There are very few, amazing things that make me come alive. Those things that make me tick. One of those amazing “life-ticking” things that makes me want to soar and fly is when someone speaks truth. A truth-speaker. I don’t know – I just love honesty. Some of the most awe-filled moments in my life happen when someone speaks truth deeply into my life.  And some people do it just-oh- so poetically to boot.

Like Meg @ http://apracticalwedding.com/. There have been some wonderful young ladies that are amazing… and have pondered the same kind of questions and have worried the same kind of worries regarding marrying when you’re too *young*poor*immature*in school*no house*no job*whatever excuse you wanna put next*too too too ______.

I’m so bad at verbalizing the deep values I hold in my heart sometimes. I don’t quite know what to say when a worry like that is asked by a woman. But thanks to Meg, this is how I will answer next time…

Oh, and the title of her post?

“F*ck the Economy. Get married Now!” (love it)

Q:  How do you know when you’re ready to get married? We decided that we would start actually planning the wedding once we were in a good life position. We wanted to wait until we had secure jobs and were in a good position to move in together. Unfortunately, things have not worked out well. How can you plan a future when you have no idea where your future is going?

We are so frustrated right now, because we just want to be married, and yet we know it’s the “smart” and “responsible” thing to wait until we know what’s going on in our lives. It seems silly to get married without knowing what our future is… but I can’t help but feel that no matter what happens, we know that we’re going to get married – should we let those uncertainties about the future dictate our plans?
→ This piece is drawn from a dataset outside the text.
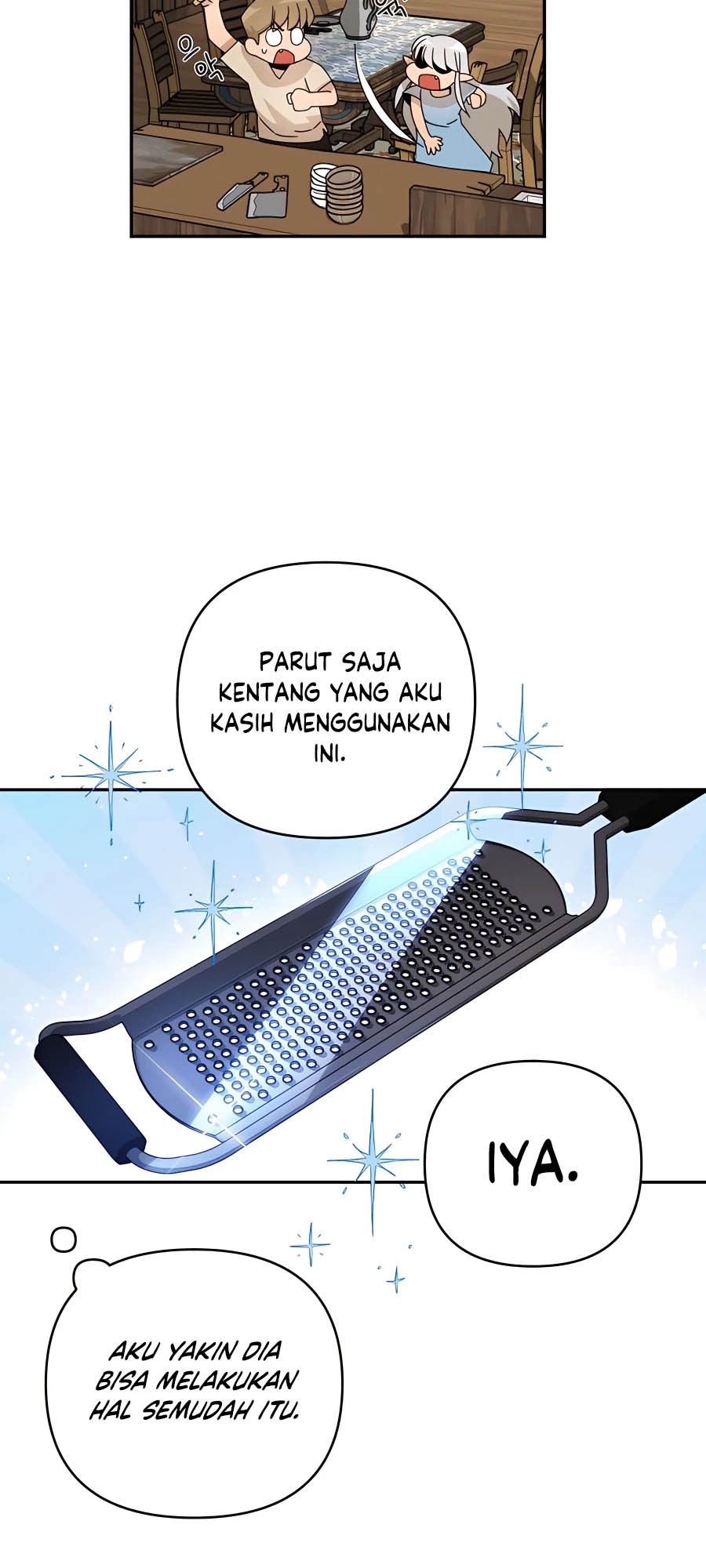 I’ll Resign and Have a Fresh Start in This World Chapter 21 - halaman 54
And is it stupid to get married if there’s a chance that we won’t be able to move in together for another six months or so?

Should we just be patient, or should we just go ahead and get hitched, disregarding what other people will think or say? Help!
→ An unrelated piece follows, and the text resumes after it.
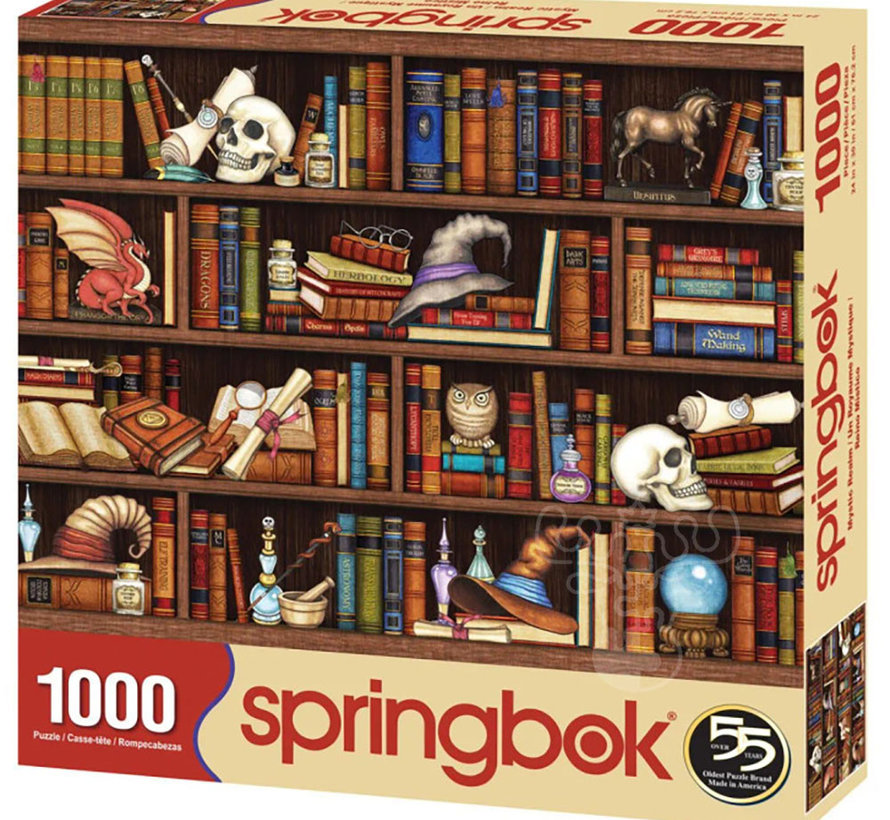 Springbok Mystic Realm Puzzle 1000pcs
Meg’s Answer: Ok lady. You know how they say that life is what happens while you’re busy making plans? That’s actually true. As you wait and wait for the perfect moment, life is happening. Right now. So a few thoughts:

First, there is no perfect moment, ever. If you’re waiting for everything to be ‘right,’ you could wait a long time. Second, the reason we get married is to tie our destiny to someone else. It’s to vow to be with them for better or for worst – to stay with them when they are unemployed, to figure out how to make do when things get really tough. That’s the power of the marriage vow. It’s saying, “Even though I have no idea what the future will hold, I want to tie my life to yours anyway.” When you’re ready to make the promise, you’re ready to get married. Period.
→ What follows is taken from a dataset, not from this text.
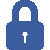 lock padlock symbol for protect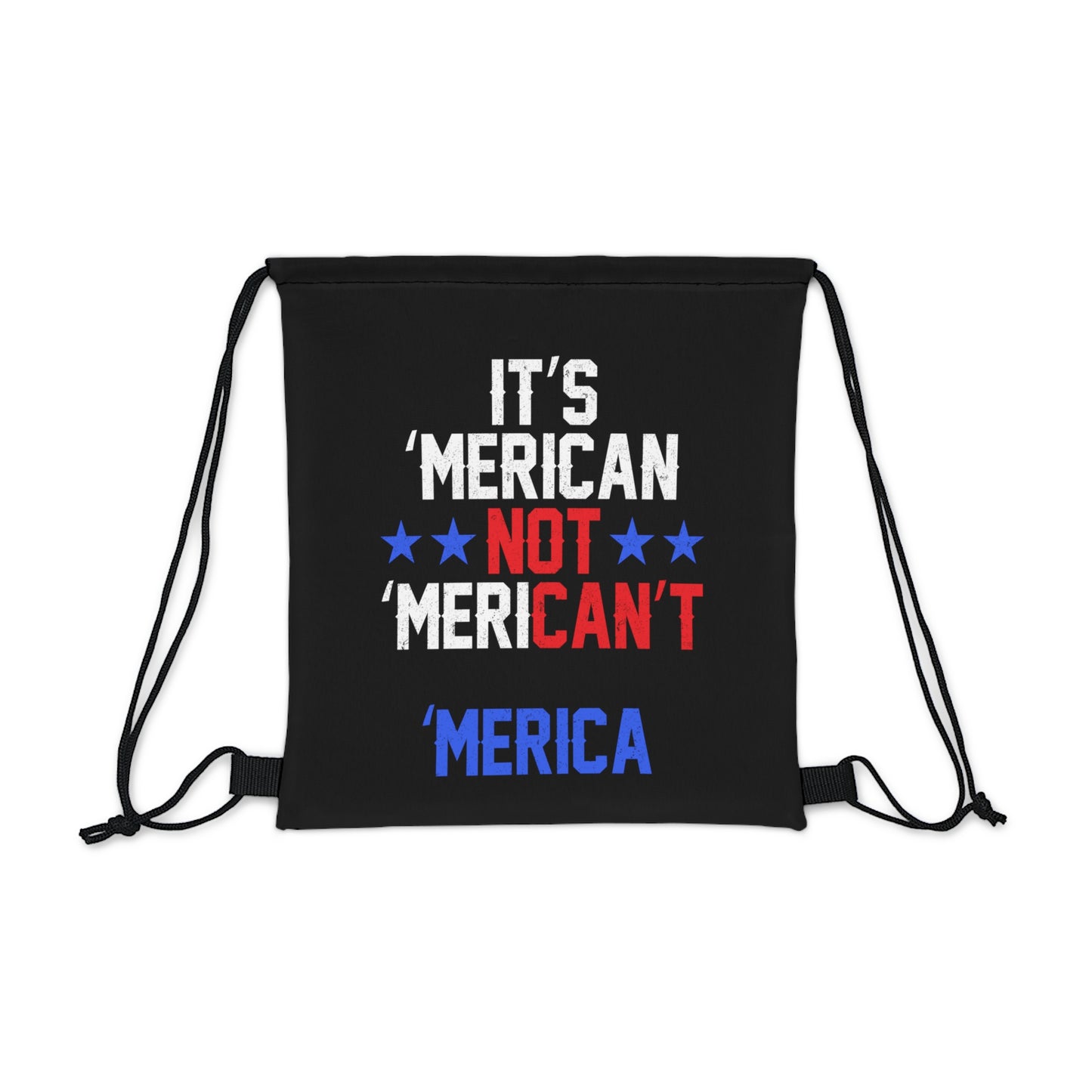 'Merican : Outdoor Drawstring Bag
Sure. Maybe you wait till you can live together, maybe you work out some specific details. But you don’t wait and wait for something vague on the horizon. Maybe it takes your husband a year to find a job he likes. Fine. That’s a year you can spend married, supporting each other both literally and figuratively, or that’s a year you can spend apart, waiting. But it’s still going to take him the time it takes him to find a great job. Not getting married won’t change that. And trust me, supporting each other is something I know a little about.

Most of us here grew up during a prolonged economic boom. We got used to the idea that marriage was more about economic better than economic worse. We got used to the idea that you get a good job, you get everything lined up, and then you get married. But that’s not how life is anymore for many of us. We seem to have forgotten that when times get hard, that is the very best time to become a family. That is the very best time to combine forces and try to make it together. That’s what our grandparents did, and our great grandparents did. They took each other in worse, and worked together to create better.


It reminds me how blessed I am to be married to my amazing husband, to combine forces and make things work together and loving each other no matter what – regardless of how young we were are, and how much little money we have.